== Segment start ==
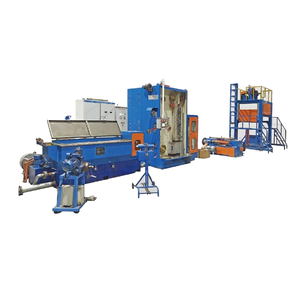 LHT250~3009~17DS High Speed Middle Pulling Machine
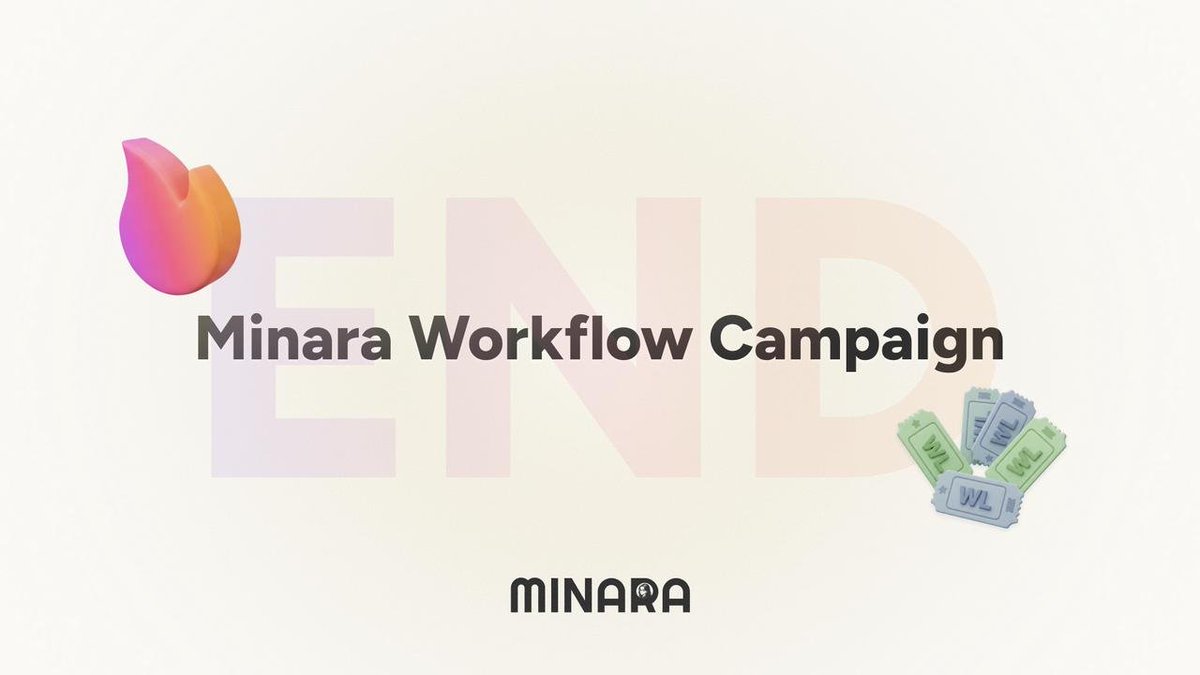 Minara AI tweet media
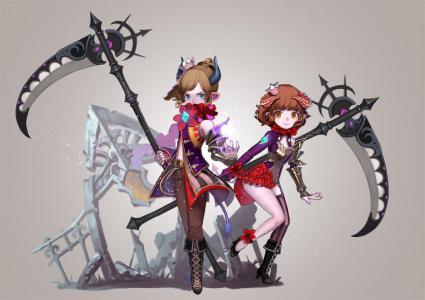 Ragnarok Online 2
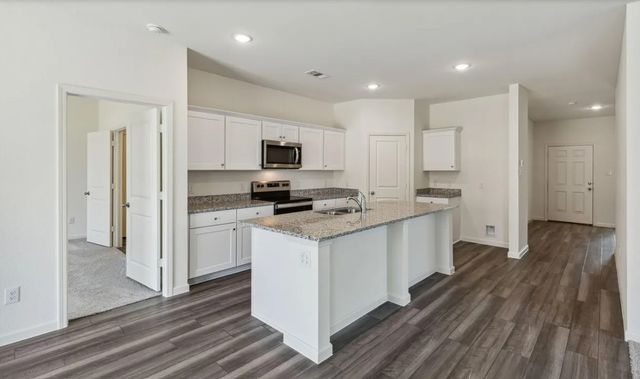 1664 Hossler Trail, Fort Worth, TX 76052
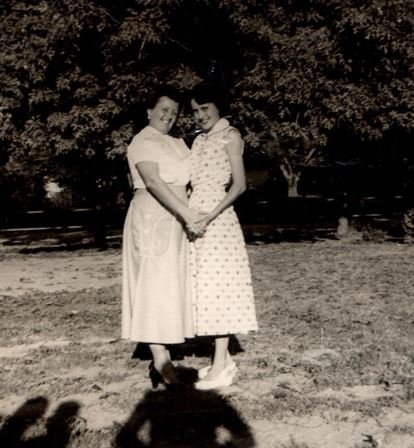 Ruby Ann (Babineaux) Dalfrey — photo 32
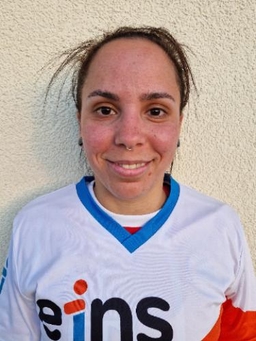 Avatar Bild für Luisa Reh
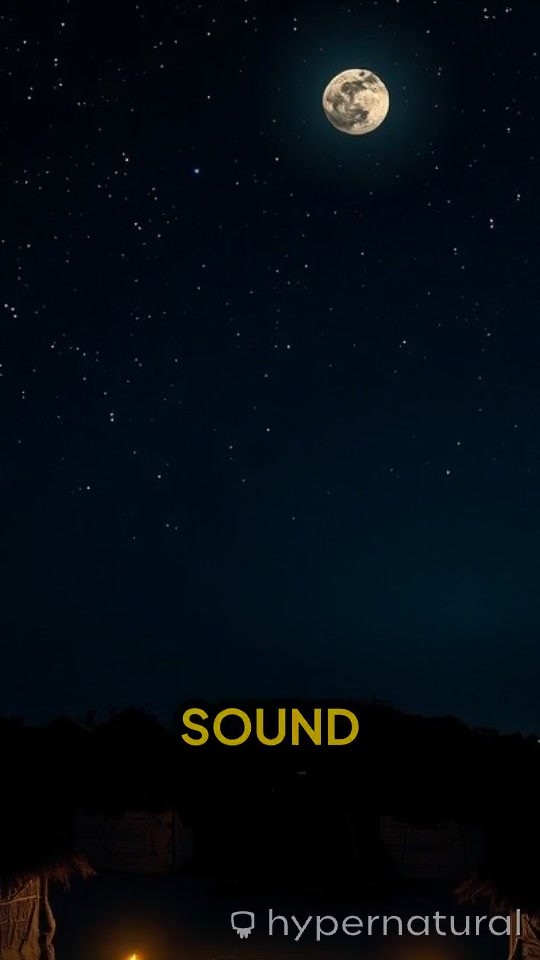 Echoes of the Forgotten Drum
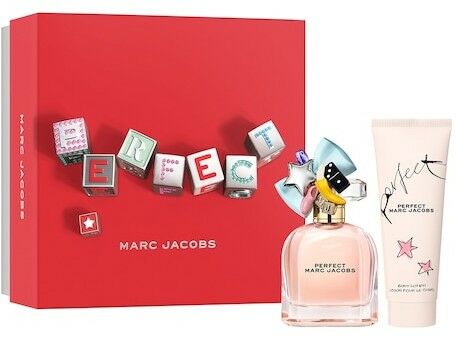 Marc Jacobs Perfect zestaw upominkowy dla kobiet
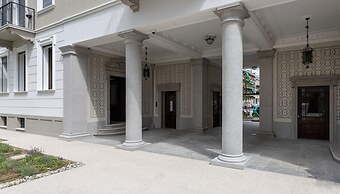 Italianway - Piranesi 18 B int D065 - City Garden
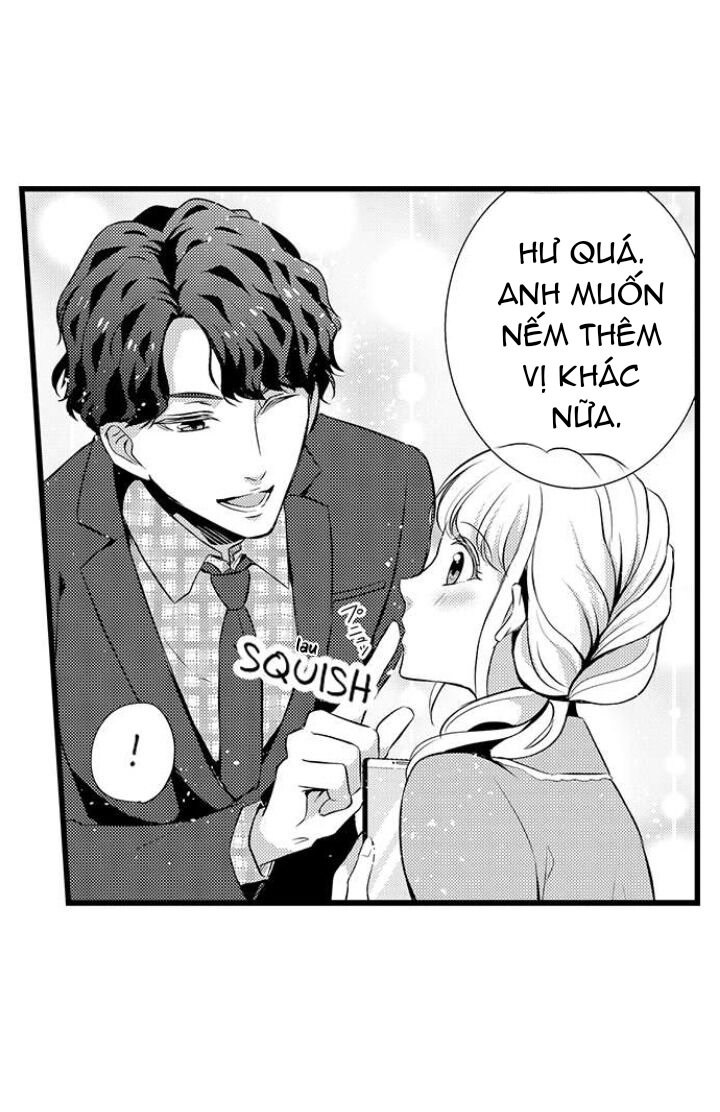 anh sẽ yêu em đến khi em tốt nghiệp chapter 9 28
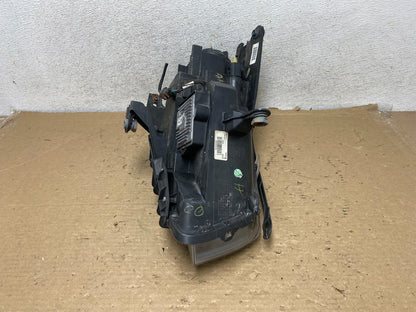 2013-2016 Gmc Acadia Left Driver LH Side Led Halogen Headlight AH9231 DW7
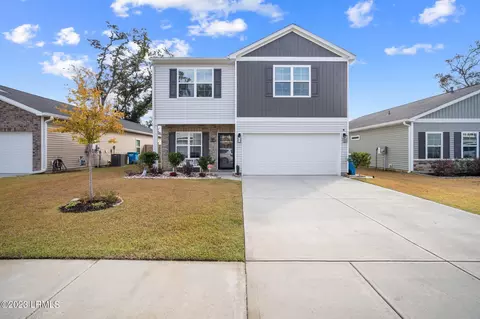 111 Great Bend Dr, Beaufort, SC 29906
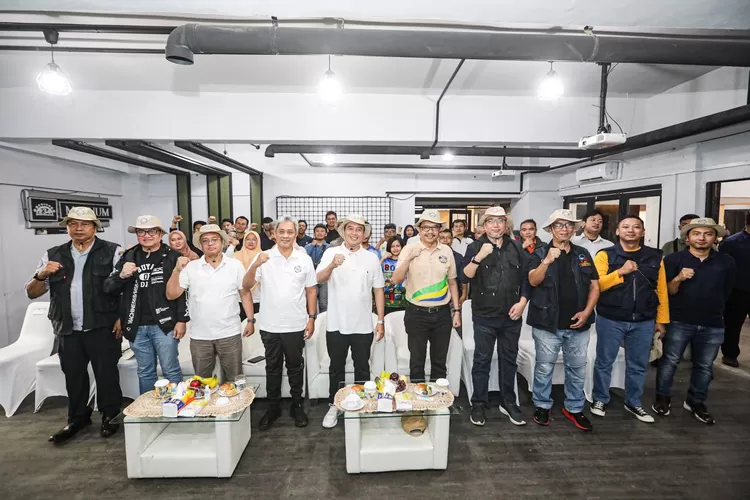 Amunisi Pemkot Bandung Tuntaskan Masalah Sampah Makin Lengkap (Diskominfo Kota Bandung)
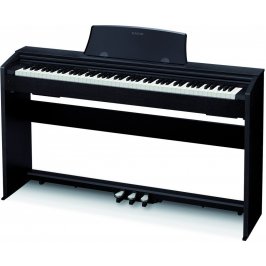Casio PX 770 BK digitální piano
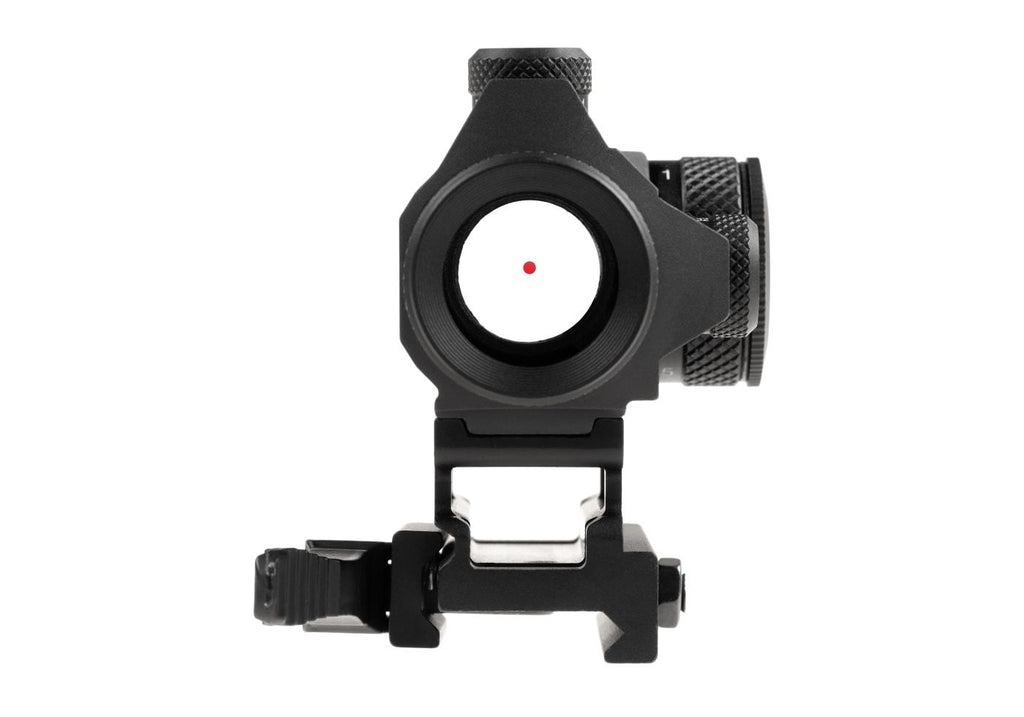 Maverick-II 1x22 GenII Red Dot Sight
== Segment end ==
▶ **What the task asks**
Reproduce precisely the lines of the listing above, from the line containing "Avatar Bild für Luisa Reh" to the last line, both ends included. Pictures are to be omitted.

▶ **Worked solution**
 Avatar Bild für Luisa Reh
 Echoes of the Forgotten Drum
 Marc Jacobs Perfect zestaw upominkowy dla kobiet
 Italianway - Piranesi 18 B int D065 - City Garden
 anh sẽ yêu em đến khi em tốt nghiệp chapter 9 28
 2013-2016 Gmc Acadia Left Driver LH Side Led Halogen Headlight AH9231 DW7
 111 Great Bend Dr, Beaufort, SC 29906
 Amunisi Pemkot Bandung Tuntaskan Masalah Sampah Makin Lengkap (Diskominfo Kota Bandung)
Casio PX 770 BK digitální piano
 Maverick-II 1x22 GenII Red Dot Sight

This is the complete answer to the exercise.